“My goodness, Daddy Doctor!” exclaimed Nellie, with a shiver. “How you do talk!”
“Eh?”
“As though anybody’s blood could help poor Johnny.”
“Ah! but that’s just it, Nellie. Somebody’s blood would help poor little Johnny. A pint or so of somebody’s healthy, red blood——”
“How horrid!” cried the girl, trying to jump off the chair; but her father’s big hand held her.
“Wait. Don’t be a ridiculous Miss Nancy!” he said, with a chuckle. “You are as much a surgeon’s daughter as a doctor’s daughter, I hope.”
“I’m proud that you heal folk of diseases, Daddy Doctor,” she said, laughing faintly. “But you talk now just like a butcher.”
“No. The transfusion of blood is one of the most wonderful and blessed discoveries of recent years. Perhaps not a discovery; but the proper way to do it is a recent discovery. And that is what we want to try on little Johnny at the hospital.”
“Oh, Daddy!” gasped Nellie, at last seeing that he was in earnest.

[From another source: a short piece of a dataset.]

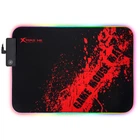 Килимок для миші XTRIKE ME Backlight MP-602 4758656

“Johnny’s condition is such that he needs good, red corpuscles pumping through his veins, and without a proper amount or a proper quality of blood, he cannot live. The nourishment he can take is insufficient to make this blood. What he must have is now in the possession of some other person. We must find that person very quickly—or not at all.”